The flute is nearly unanimously accepted as the oldest instrument in the world, but as put so eloquently by Mark Twain, "The first revision of anything is crap." Therefore, the flute is the most worthless of all instruments. The flute started off as a small pipe of hellish matter with holes punctured in it and was given to a Zeus as a white elephant gift from a drunk titan. This original flute was inadvertently dropped from the clouds when it fell from the trash can a Zeus was taking out his garbage. As it entered the mortal realm, it turned into a simplistic form of wood, which was found by a very plain looking peasant. (Modern flutes and flautists greatly resemble the original pair.) Having music fall to Earth from the heavens would have been something to have been lamented, much like when fire fell from the gods, except that no matter how hard they tried, no mortal could play a flute loud enough to be heard.
Piccolos, which resemble flutes, were invented immediately following the first recorded concert. Because, flutes were the only instrument to have been invented, all the musicians were flautists. However, at the end of the first piece, the conductor was angered when no one clapped and broke a flute in half. Contrary to the conductors thoughts at the time, the audience didn't clap, not because they were being rude, but because they never heard a note of the piece. When the conductor found out about this, he greatly lamented his rash actions and replaced the musicians flute with one of his own. Later out of curiosity, he attempted to play the broken flute and found that it was barely audible.
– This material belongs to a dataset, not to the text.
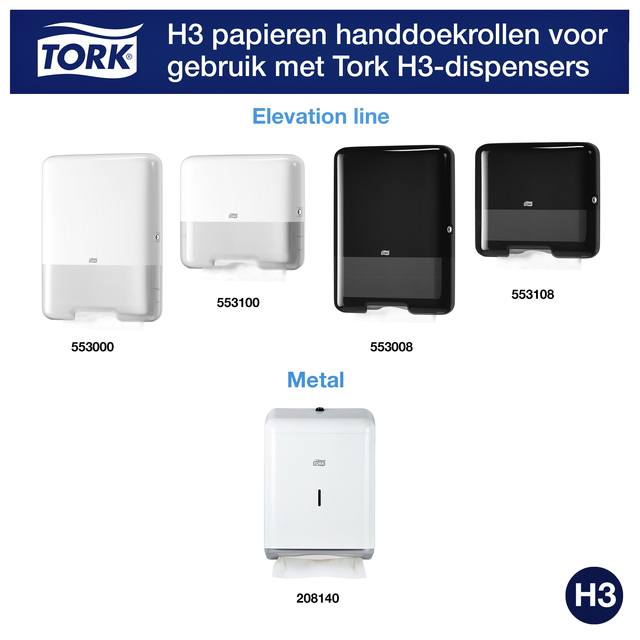 Handdoek Tork H3 Advanced singlefold 2-laags 248x230mm 15x250 vel wit 290163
For his next concert, all the musicians were playing Piccolos, and with the help of ear horns, the audience near the front heard portions of the concert.
The following documentation outlines a flute's unique attributes and properties, and is of particular interest to anyone foolish enough to attempt to learn to play the flute.
Proper playing technique
The flute is held to the right of the player's head. It is held with two hands. Those two hands must press 17-18 keys at any given time, or sometimes, all at once. In a marching band, the flute must be held at an absolutely straight angle. If the angle of the flute at any time is not parallel to the ground, the drum major gets very angry and has occasionally been known to skewer the offending flautist with his baton. He then places the flutes in the rear of the band to shame them. If the drum major is a flautist, this is especially true. Traditionally, an offending flute player was also required to wear a dunce hat, which is the basis of modern tall marching band hats.
To produce a note, the flute player blows across the hole on the end of the flute. Roughly 99% of the air is wasted and 0% makes it into the flute to make the sound. To date, modern science has been unable to ascertain where the remaining 1% goes, but a commonly accepted theory is that the 1% discrepancy occurs simply because flutes suck.
The flute's small size makes it an excellent candidate for smaller individuals who want to be in a marching band. Because it can be easily carried by even the smallest school children, it is perfect for pawning off on a younger sibling when you don't want to carry it to school yourself.
Material from which a flute may be constructed. Hark! A list approaches!
- Gold: Exists, but is extremely rare. If you are lucky enough to own one of these ultra-rare flutes, put it on eBay and make a fortune.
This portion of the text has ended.